___ EXERCISE MATERIALS
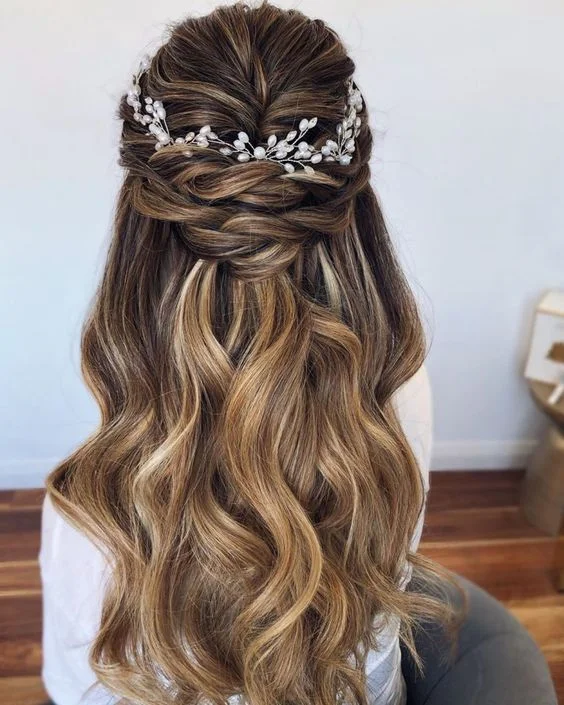 Top 10 Prom Hairstyles for 2024 2
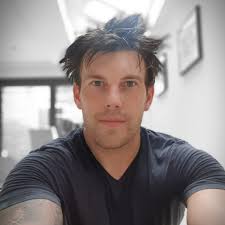 Ace ventura is a fictional character created by canadian screenwriter jack bernstein. Bryn Lucas On Twitter Lockdown Post Workout Selfie Step Aside Ace Ventura There S A New Kid In Town Aceventura Haircut Lockdownhair Workouthair Workouthairstyle Keepfit Lockdownfitness Fitnessselfie Tattoo Tattoos Bodyart Halfsleeve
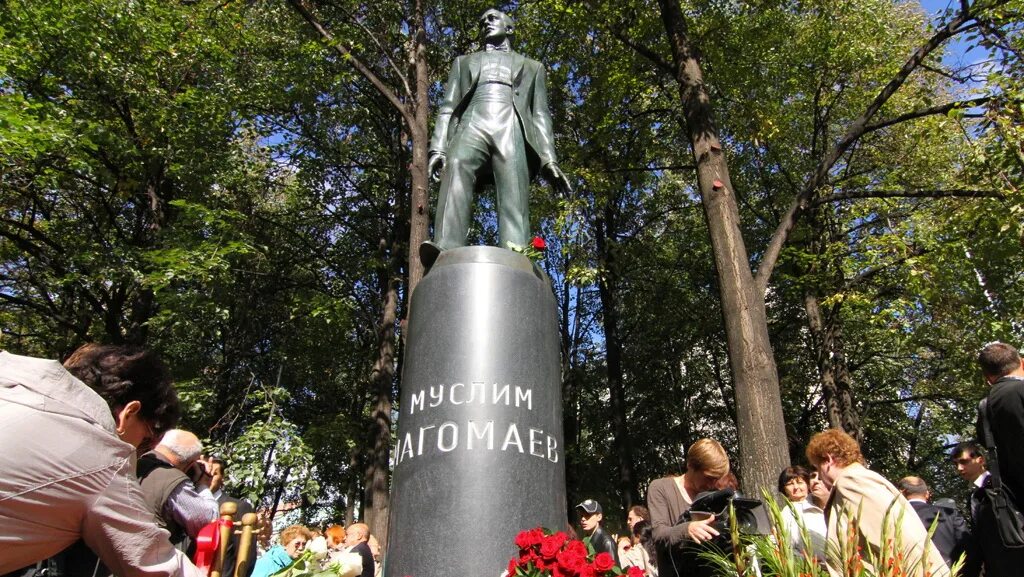 Сколько лет магомаеву. Могила муслима магомаева в москве. памятник муслиму магомаеву в баку. памятник муслиму магомаеву в москве.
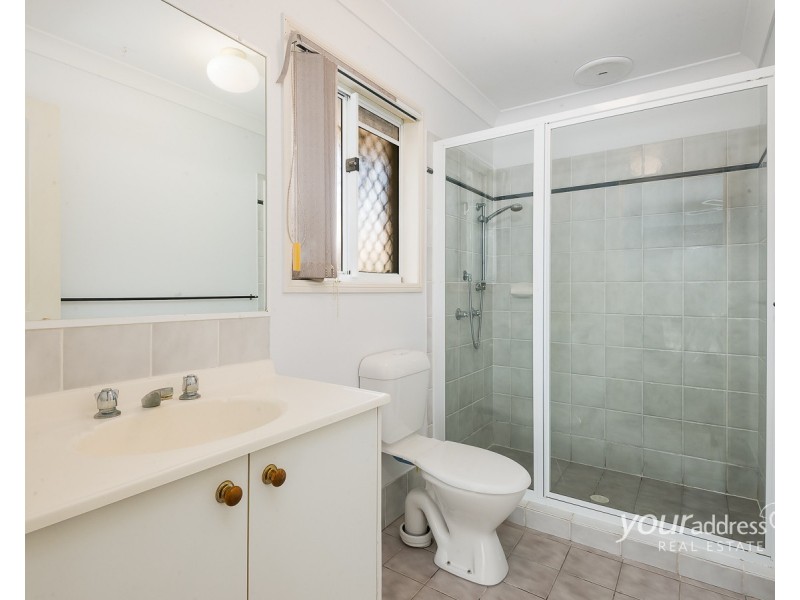 102 Lamberth Road, Regents Park QLD 4118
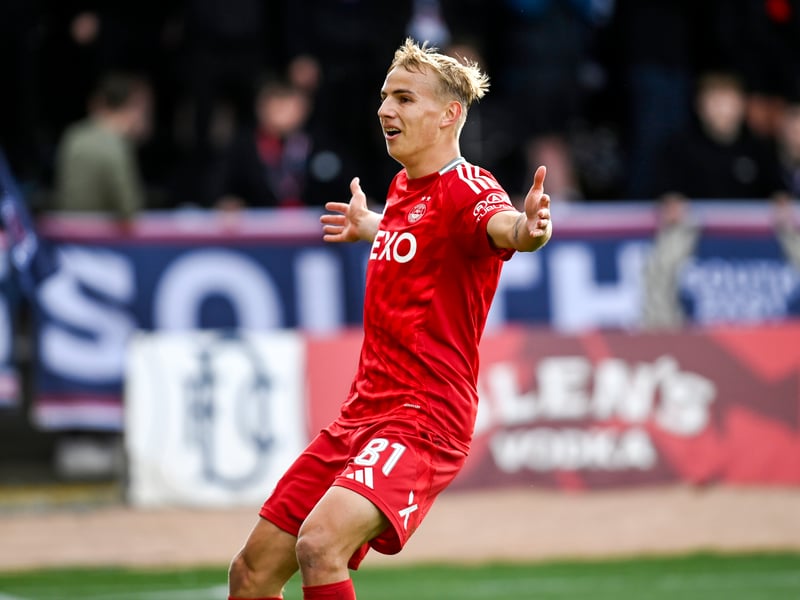 A sole inclusion from the Dons squad this week, though the Finland internationalist is well deserving of his place. Assisted the first and scored the second in the 2-1 win at Dundee to achieve a 8.5 rating at the weekend.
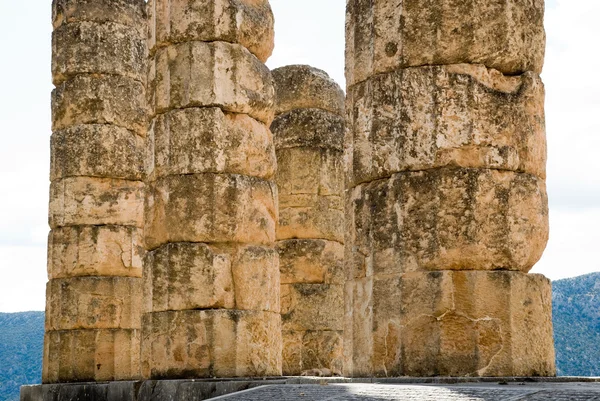Colunas de templo de Apolo em Delfos — Fotografia de Stock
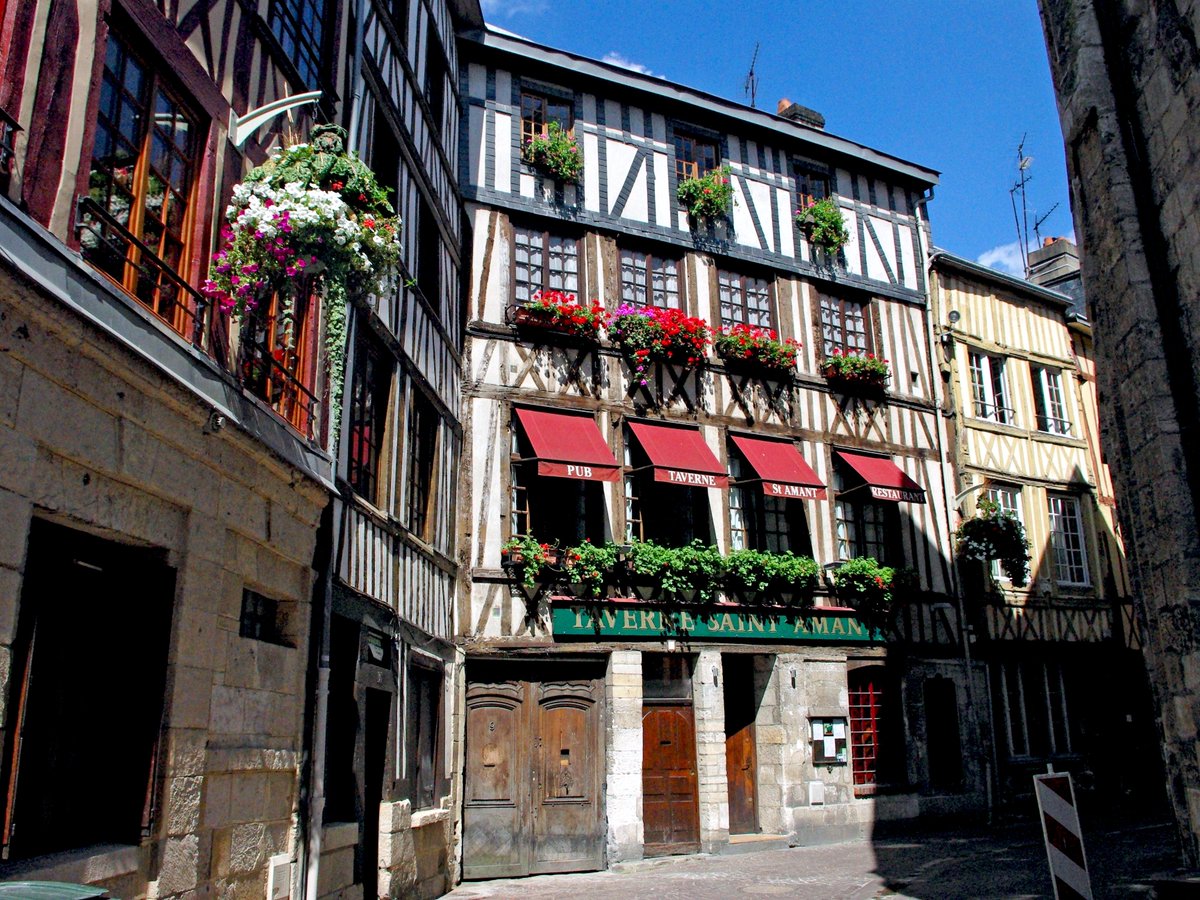 The old town of #Rouen boasts so many beautiful half-timbered houses... They are incredible! 👉 frenchmoments.eu/rouen-old-town/
.
.
#RouenTourisme #NormandyTourisme #SeineMaritime #FrenchMoments #Enfranceaussi #ExploreFrance #SummerinFrance #normandynow #shareseinemaritime #fb76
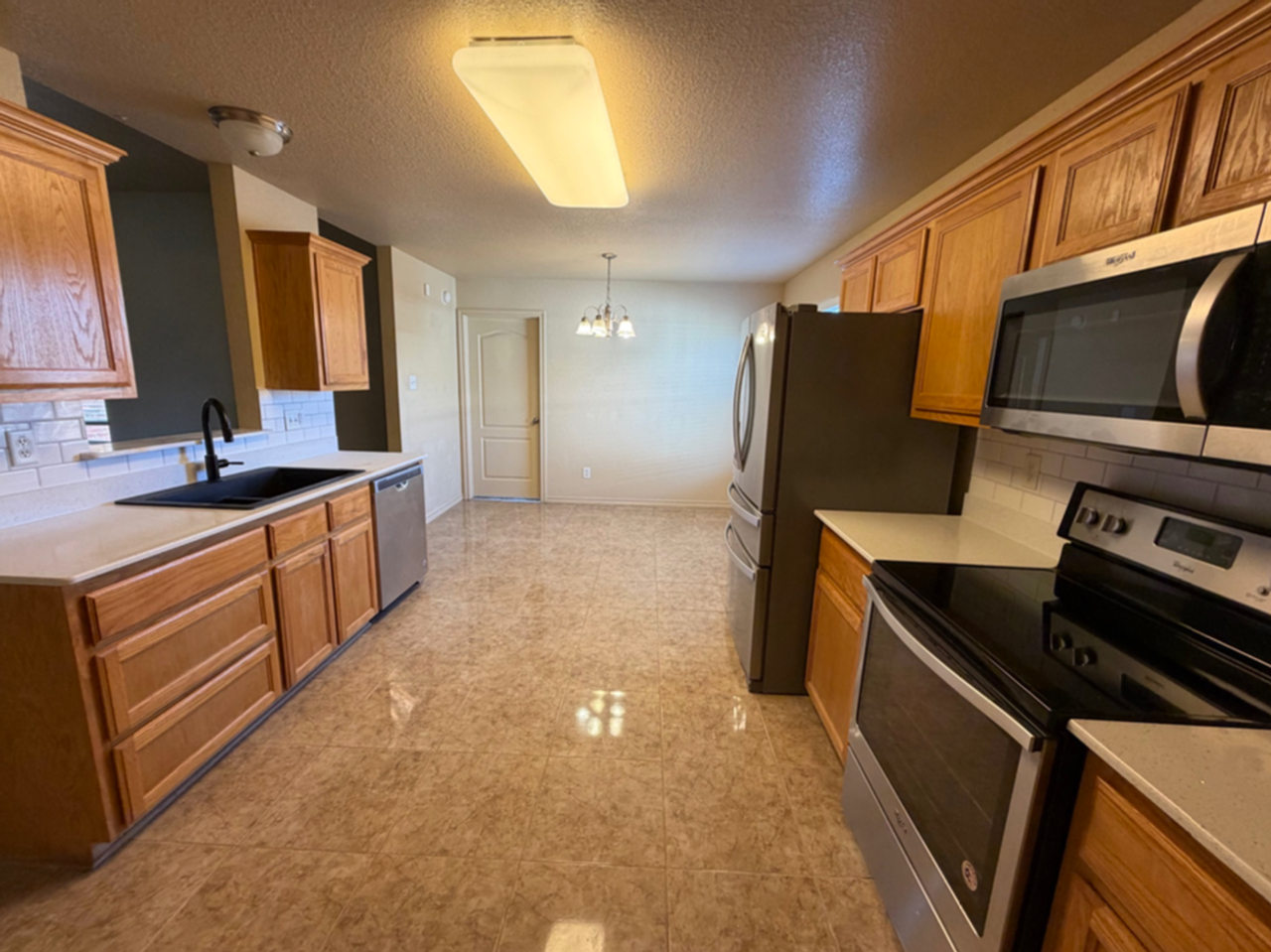 2415 Isabelle Dr - Photo 2 of 42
______
Your output must consist only of the lines from the line with "102 Lamberth Road, Regents Park QLD 4118" through the final line of the data, both included, reproduced exactly and free of pictures.

→ WRITTEN SOLUTION:
 102 Lamberth Road, Regents Park QLD 4118
 A sole inclusion from the Dons squad this week, though the Finland internationalist is well deserving of his place. Assisted the first and scored the second in the 2-1 win at Dundee to achieve a 8.5 rating at the weekend.
Colunas de templo de Apolo em Delfos — Fotografia de Stock
 The old town of #Rouen boasts so many beautiful half-timbered houses... They are incredible! 👉 frenchmoments.eu/rouen-old-town/
.
.
#RouenTourisme #NormandyTourisme #SeineMaritime #FrenchMoments #Enfranceaussi #ExploreFrance #SummerinFrance #normandynow #shareseinemaritime #fb76
 2415 Isabelle Dr - Photo 2 of 42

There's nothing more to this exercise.